### Your task:
The required output is the run of lines from the one holding "Stony Brook University" through the final line of the listing, restated word for word, with no pictures.

### Exercise data:
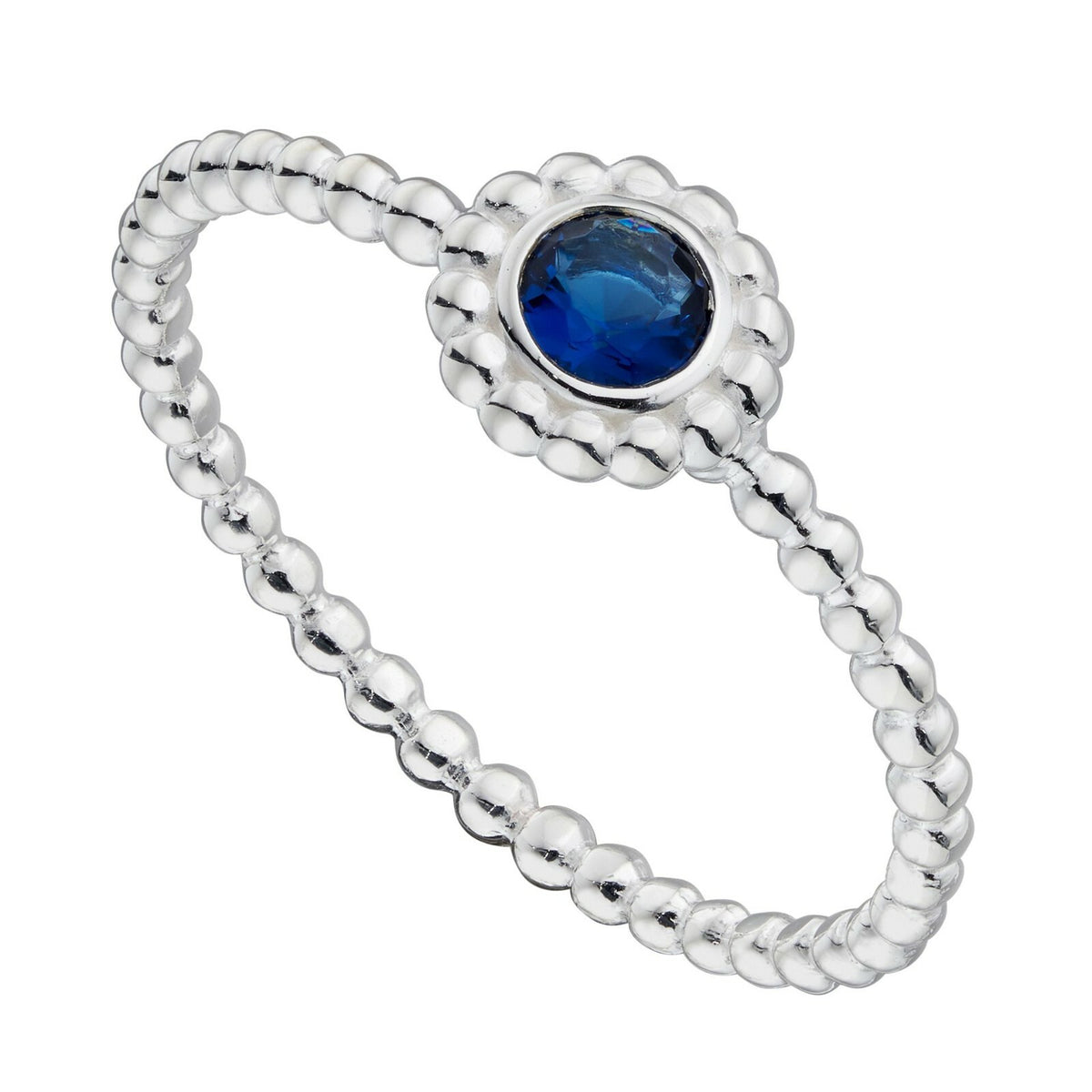 Blue Sapphire Sterling Silver Bead Stacking Ring 925 Hallmarked Size K - S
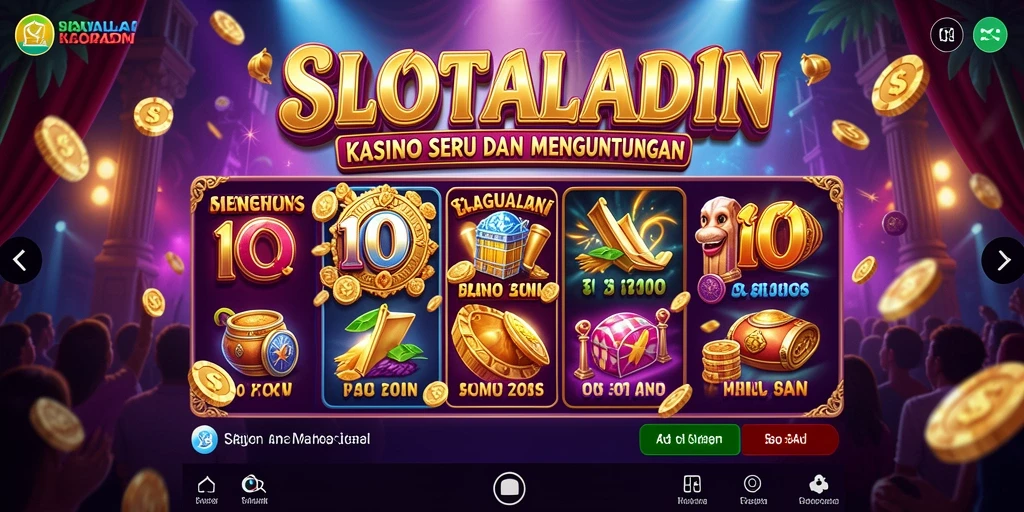 Tampilan permainan SLOTALADIN dengan grafik menarik dan efek suara yang memukau.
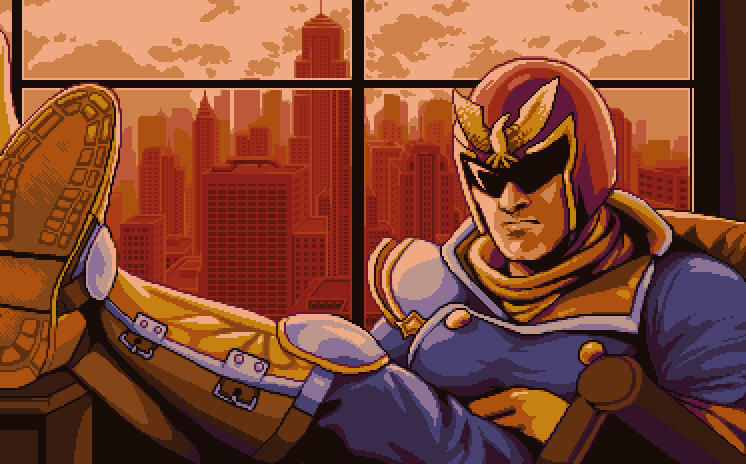 1boy, artist_request, building, captain_falcon, chair, cityscape, dusk, f-zero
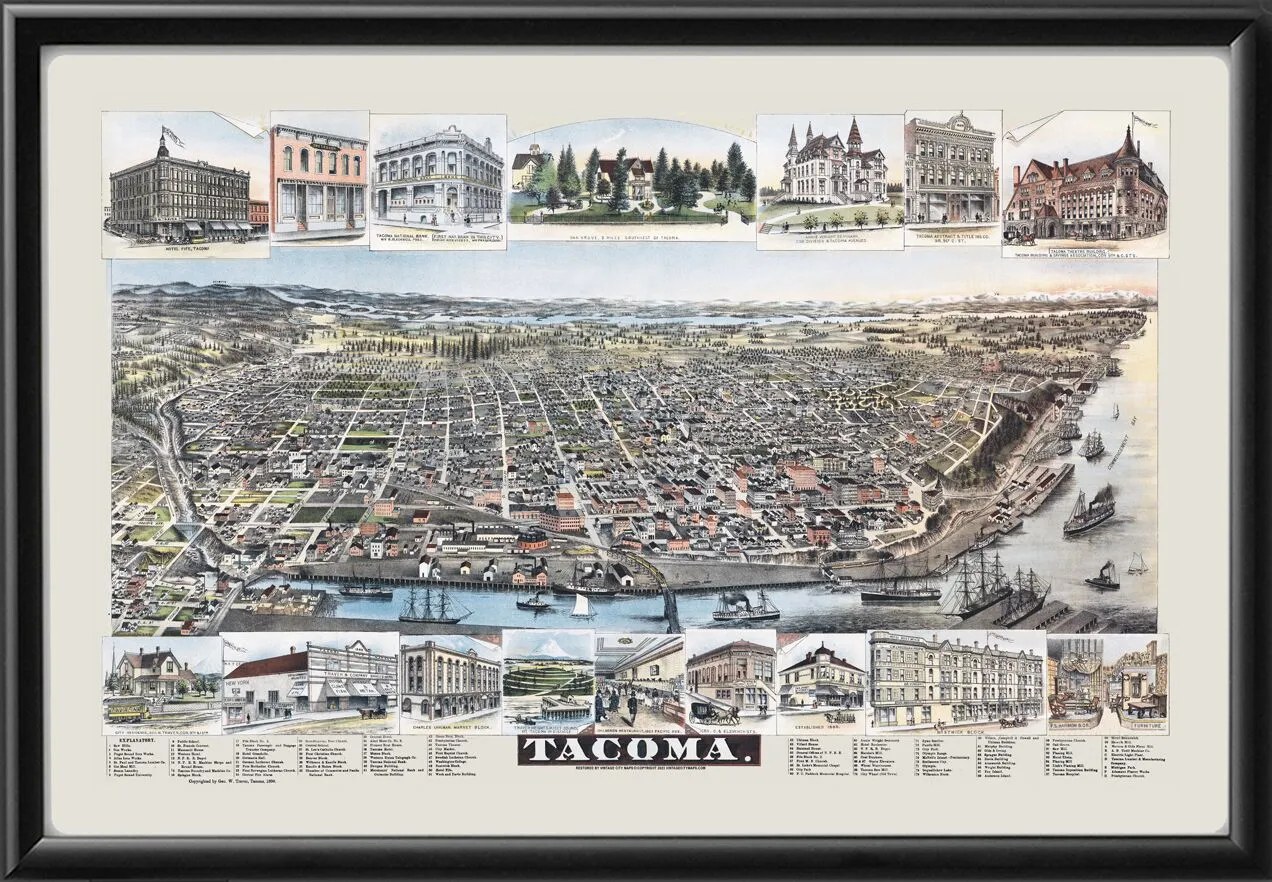 Tacoma WA 1890 GeoTraver TM Birds Eye View Map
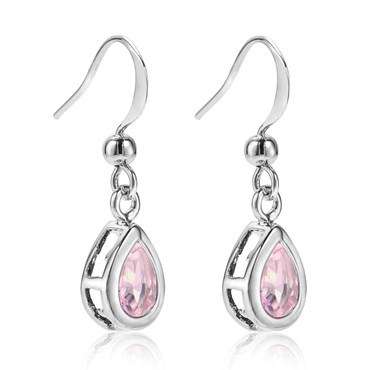 **GORGEOUS PEAR CUT PINK SAPPHIRE EARRINGS SET IN  WHITE GOLD**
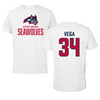 Stony Brook University Lacrosse White Performance Tee - #34 Alexa Vega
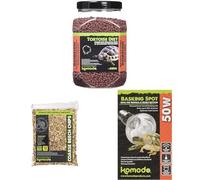 Komodo Tortoise Diet Dandelion 680g + Beech Chips 12L + 50W Basking Bulb | Balanced Food, Natural Substrate & Adjustable Heating for Reptiles
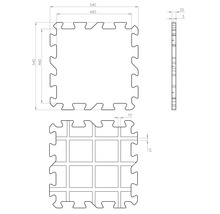 Technische tekening van een puzzelschuimmat met afmetingen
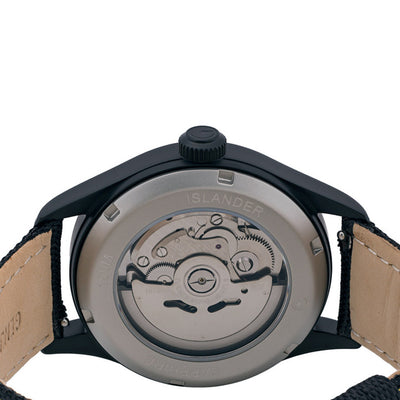 Islander Watch Mitchel "DAY-T" Automatic DLC Field Watch Black Dial #ISL-187
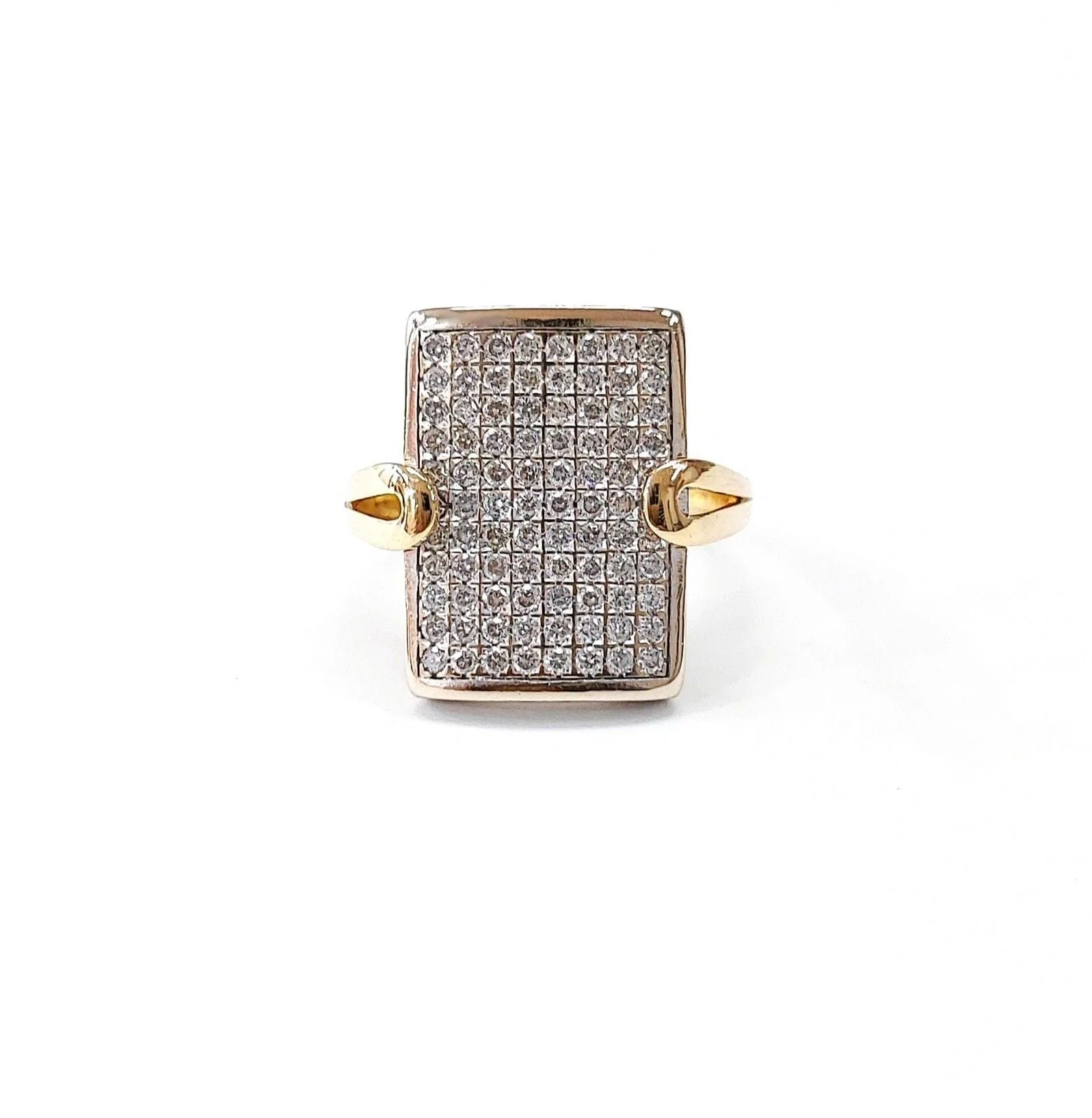 Two-tone gold and diamond rectangular ring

### Answer for the task:
 Stony Brook University Lacrosse White Performance Tee - #34 Alexa Vega
 Komodo Tortoise Diet Dandelion 680g + Beech Chips 12L + 50W Basking Bulb | Balanced Food, Natural Substrate & Adjustable Heating for Reptiles
 Technische tekening van een puzzelschuimmat met afmetingen
 Islander Watch Mitchel "DAY-T" Automatic DLC Field Watch Black Dial #ISL-187
 Two-tone gold and diamond rectangular ring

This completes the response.